(Crawled caption data)
——————————

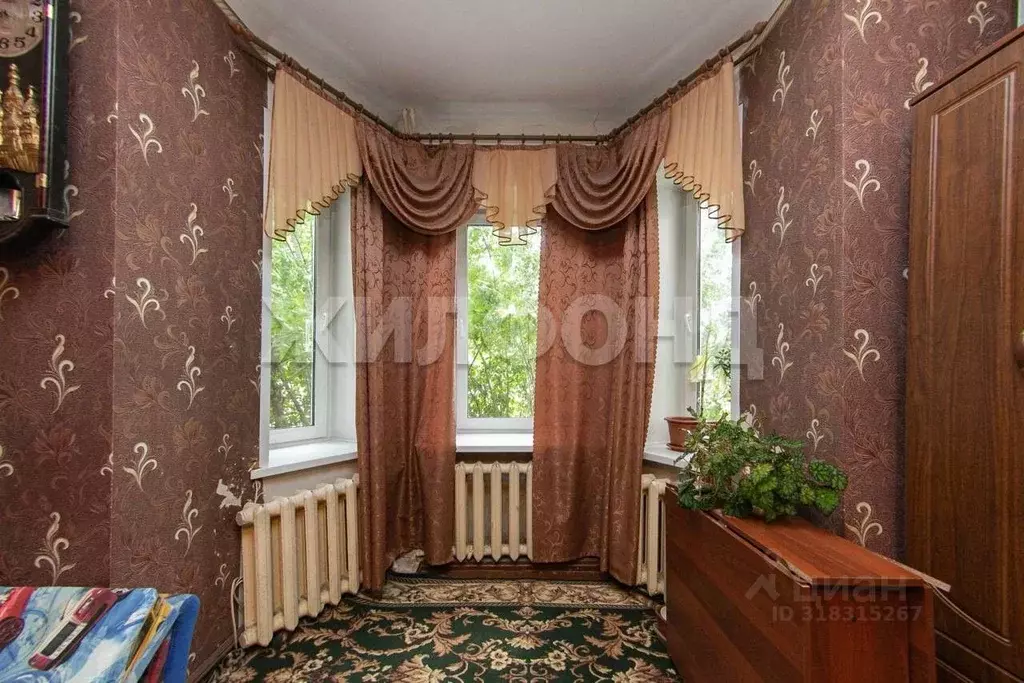 2-к кв. Томская область, Томск тракт Иркутский, 8 (42.0 м) - Фото 0
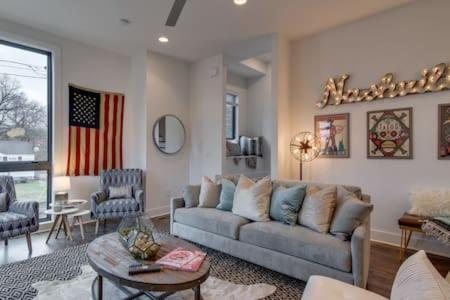 The Kora - Rooftop Luxury In Nashville'S Gulch Exterior photo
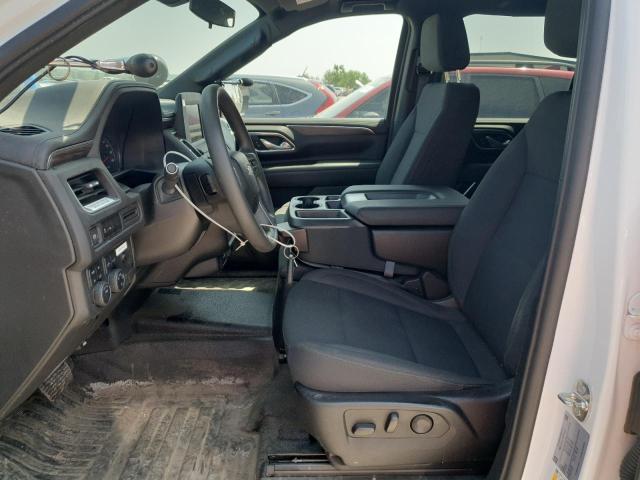  CHEVROLET TAHOE 2023 White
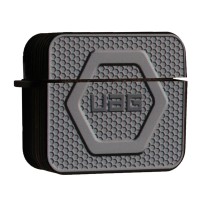 Чехол Apple AirPods Pro 2, UAG, Серый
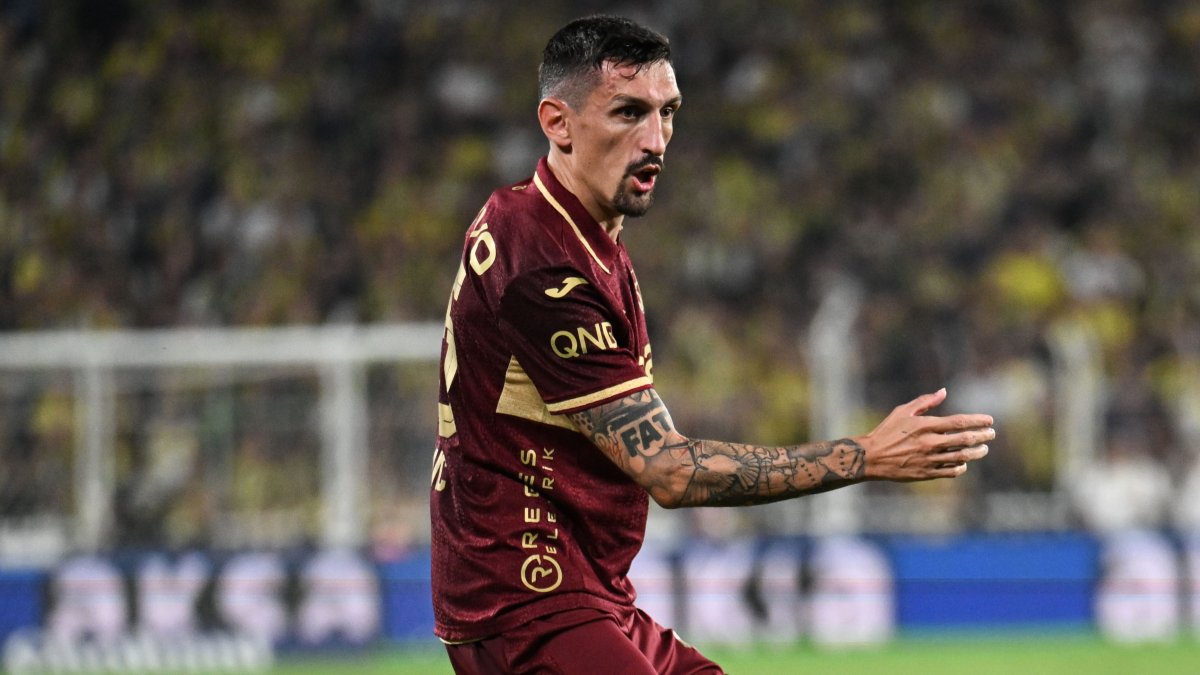 Trabzonspor kaptanı Savic'ten hakem tepkisi: Türk futbolun mağlubiyeti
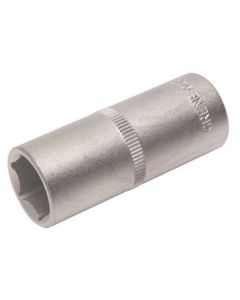 14mm 6-kant padrun 1/4" L-50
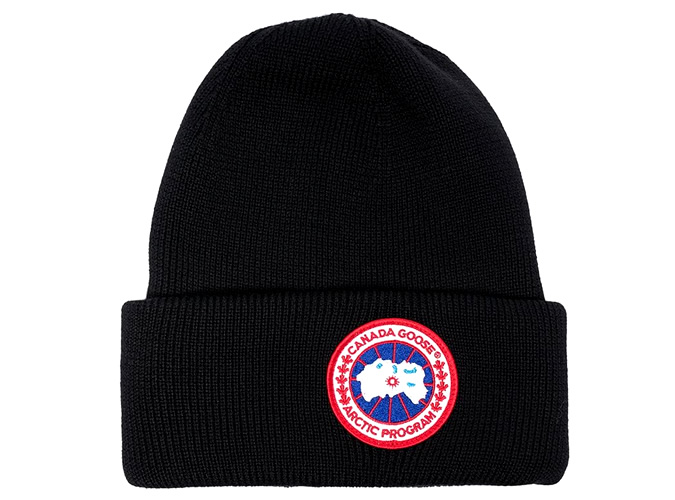 Canada Goose beanie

——————————

What is required –
Quote only the lines that start at the line holding "Чехол Apple AirPods Pro 2, UAG, Серый" and end at the last line of the entries, including both of those lines, and omit every picture.

Exercise solution –
 Чехол Apple AirPods Pro 2, UAG, Серый
 Trabzonspor kaptanı Savic'ten hakem tepkisi: Türk futbolun mağlubiyeti
 14mm 6-kant padrun 1/4" L-50
 Canada Goose beanie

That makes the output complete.